Wisembly incident

App down

Major Resolved View vendor source →

Wisembly experienced a major incident on June 15, 2015, lasting 43m. The incident has been resolved; the full update timeline is below.

Started
Jun 15, 2015, 02:45 PM UTC
Resolved
Jun 15, 2015, 03:29 PM UTC
Duration
43m
Detected by Pingoru
Jun 15, 2015, 02:45 PM UTC

Update timeline

  1. investigating Jun 15, 2015, 02:45 PM UTC

    We currently have a major app outage. We are investigating and trying our best to make the thins up again.

  2. identified Jun 15, 2015, 02:49 PM UTC

    Application is up now, we restarted crippled processes. We're investigating further to understand what happened and keep you informed. Sorry for the trouble.

  3. resolved Jun 15, 2015, 03:29 PM UTC

    All systems are up again. We'll write shortly a post-mortem explaining what happened, what we've done and how to prevent that to happen again.

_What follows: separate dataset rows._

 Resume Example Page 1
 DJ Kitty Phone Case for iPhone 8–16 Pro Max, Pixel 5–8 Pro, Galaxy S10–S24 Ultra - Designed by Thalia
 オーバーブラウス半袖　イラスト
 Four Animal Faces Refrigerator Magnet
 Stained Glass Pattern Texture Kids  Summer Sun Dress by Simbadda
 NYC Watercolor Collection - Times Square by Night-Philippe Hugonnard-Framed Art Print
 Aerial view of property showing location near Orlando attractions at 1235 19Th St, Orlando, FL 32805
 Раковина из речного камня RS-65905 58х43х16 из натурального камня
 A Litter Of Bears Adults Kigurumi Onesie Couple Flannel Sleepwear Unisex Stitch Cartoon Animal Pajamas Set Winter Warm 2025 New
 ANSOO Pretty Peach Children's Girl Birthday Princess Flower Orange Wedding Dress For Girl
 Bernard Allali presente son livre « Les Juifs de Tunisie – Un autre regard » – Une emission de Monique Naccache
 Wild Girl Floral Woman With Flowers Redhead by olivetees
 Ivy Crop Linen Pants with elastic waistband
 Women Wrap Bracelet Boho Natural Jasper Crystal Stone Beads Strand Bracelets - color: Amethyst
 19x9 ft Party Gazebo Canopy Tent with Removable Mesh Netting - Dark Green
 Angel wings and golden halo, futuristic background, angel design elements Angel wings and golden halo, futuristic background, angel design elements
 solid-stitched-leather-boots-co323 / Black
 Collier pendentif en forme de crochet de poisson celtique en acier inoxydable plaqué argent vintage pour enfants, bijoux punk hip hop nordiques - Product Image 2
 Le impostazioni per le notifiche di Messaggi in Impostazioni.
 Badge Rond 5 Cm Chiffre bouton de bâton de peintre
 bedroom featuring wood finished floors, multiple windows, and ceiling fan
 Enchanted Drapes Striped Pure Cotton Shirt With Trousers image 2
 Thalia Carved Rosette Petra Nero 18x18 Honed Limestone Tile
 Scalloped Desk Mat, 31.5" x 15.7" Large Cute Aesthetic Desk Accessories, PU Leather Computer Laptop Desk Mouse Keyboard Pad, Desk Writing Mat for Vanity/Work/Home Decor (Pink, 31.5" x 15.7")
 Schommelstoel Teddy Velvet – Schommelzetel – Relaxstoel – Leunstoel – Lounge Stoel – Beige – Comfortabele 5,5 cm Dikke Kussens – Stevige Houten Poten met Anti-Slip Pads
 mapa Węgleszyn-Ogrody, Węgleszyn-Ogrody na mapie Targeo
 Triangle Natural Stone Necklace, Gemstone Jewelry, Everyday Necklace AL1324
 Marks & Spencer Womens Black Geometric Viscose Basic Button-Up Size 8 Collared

  4. postmortem Aug 03, 2018, 05:32 PM UTC

    # 20151506 App down incident #### What happened Today at 04:46:50pm GMT+1 our application went down, for 11 minutes. Our team has been alerted few minutes later by automated probes and error logs. We went into our servers to see the problem. We found an important RAM consumption by our MySQL process, threatening the overall system RAM, preventing REDIS backup daemon to perform its regular backup snapshots. This problem affected some REDIS enabled API endpoints that made our PHP-FPM processes going wild. #### What we did We restarted MySQL process in order clear the buffer cache in RAM and make some room for other processes, especially REDIS automated backups. It was not sufficient, we had to restart PHP-FPM too to cool things down a bit. Once done, all system went green again #### How to avoid that in the future We looked into our server configuration with our backend team and housing provider, and clearly showed that the allowed RAM for MySQL was a bit edgy and could lead to what happened. We reduced so the allowed buffer size by 75%, leaving us enough room to cache all the needed things and leave enough space for all the other processes on the backed servers. We restarted again MySQL to take the configuration into account, and closely monitoring it performances in the near future.